At the halfway mark of BE Festival’s tenth year celebration, it is easy to feel a collective excitement for the varied performance art from European companies.

The Festival was started at AE Harris in the Jewellery Quarter by Isla Aguilar and Miguel Oyarzun. With a sizeable growth, the festival now uses Birmingham REP as its hub, allowing audiences to see and appreciate an eclectic range of continental performance. Wednesday’s celebration saw a live documentary from Iraq and Belgium, technical circus skill from Belgium and dance from Germany.

Soul Seekers

Our first performance saw Mokhallad Rasem’s Soul Seekers. Rasem is a videographer and a documentary maker from Iraq/Belgium. Using the mediums of live performance art and film, Rasem depicts the connections he made with people during his time at asylum centres in Belgium and France. We were seated in the auditorium of the main stage, which was was framed by canvases of dawn faces, painted by the people he had met.


Rasem entered the stage with a cloth draped over his head and body, making sure not to reveal his face. He chanted and made jarring movements as if yearning to get rid of the heavy cloth hanging over him, and to finally see the world in front of him. Perhaps it is a reflection towards the real lives of those depicted within the documentary.

Rasem’s video documentary was then projected onto the back wall, with images and interviews to create a narrative of past tragedy, mixed with future hope. It softly, yet jarringly explained journeys of leaving home countries for want of a better life.

Rasem’s video images are enticingly raw, giving a beautifully intimate connection to reveal a story which connects us as a human race, telling us that love is a universal language.

Rasem captures innocent moments of happiness in circumstances of near tragedy. One particular moment was found where, in a centre in France, one young man yearned to see the smiling face of the Mona Lisa, and that he believed she would eliminate all of his current worries. The reaction of him seeing the painting was captured, and we saw the uplift in the young man’s soul.

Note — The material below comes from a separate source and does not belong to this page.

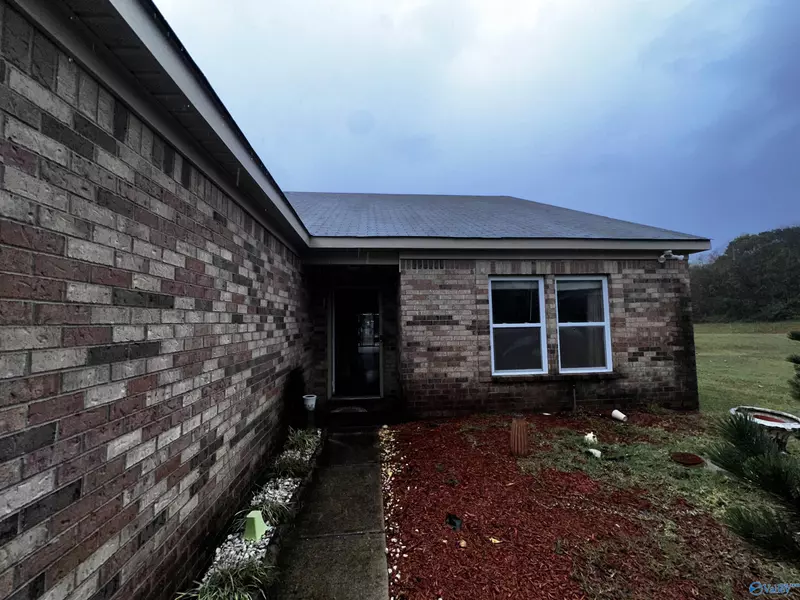 220 Ashbrook Circle, Harvest, AL 35749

The strikingly real accounts of people making the decision to leave their families and homes were laid are. Against the backdrop and pain and longing for family also lies a hopeful way of thinking. Rasem captures every day elements of love and human connection, highlighting the efforts of those who choose to help those in need, creating a narrative of powerful and all-encompassing hope.

One shot

How many ways can you eat an apple? This was the question explored in the second performance of the evening by Belgian company Cie. One Shot with their same-titled performance.

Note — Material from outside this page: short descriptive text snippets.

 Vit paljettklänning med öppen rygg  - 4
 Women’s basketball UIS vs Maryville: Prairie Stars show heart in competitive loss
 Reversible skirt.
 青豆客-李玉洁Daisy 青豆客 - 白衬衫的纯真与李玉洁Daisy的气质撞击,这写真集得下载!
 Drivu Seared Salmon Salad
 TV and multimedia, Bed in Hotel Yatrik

With their background of precise training and fluidity, One Shot allowed the audience to see the art of circus performance and Chinese pole theatre, against a backdrop of light hearted and rhythmic live music.

Trust, balance and an unbelievably strong core were the key elements of this amazing show. To balance three pick-axes on one’s head for an extended period of time is certainly impressive, but to do it while wrapping yourself around a Thirty-foot pole takes the entertainment factor to incredible new levels.

Their connection between each other was just as enticing as the performance itself. It was strikingly visual, where the audience were seated in the round which made for a light hearted and humorous narrative, with bodily strength and talent at its heart.


In Punk by Heptic Tide and Paula Rosolen, we saw an interpretive approach to the punk social movement, which was particularly prevalent in the 1980s and 1990s.

Choreographer Rosolen explored the era as it was and showed the ways in which the genre has left its mark on the world today. The live band which was made up of a stand-alone drummer and guitarist were pulsating, creating the iconic sounds and loud beats against the poetic dance interpretations of rebellion and anarchy.


The piece told us that Punk was, and is, not just a genre of music, but a way of life. The performance captured fashion, relationships and politics to gain the essence of the sometimes-misunderstood group.

With fast and impatient movements from the company, we saw a stylised cacophony to highlight the anarchistic lifestyle. It saw old wave Punk and blended it in with the new. Pogo sticks were a big feature in many sequences and the intimate scenes as performed by the company showed desperate internal struggles of everyday life.

With its unashamedly loud backdrop highlighting an iconic musical genre and lifestyle, it was hard not to nod the head along to the ever changing beats of the guitar and drums.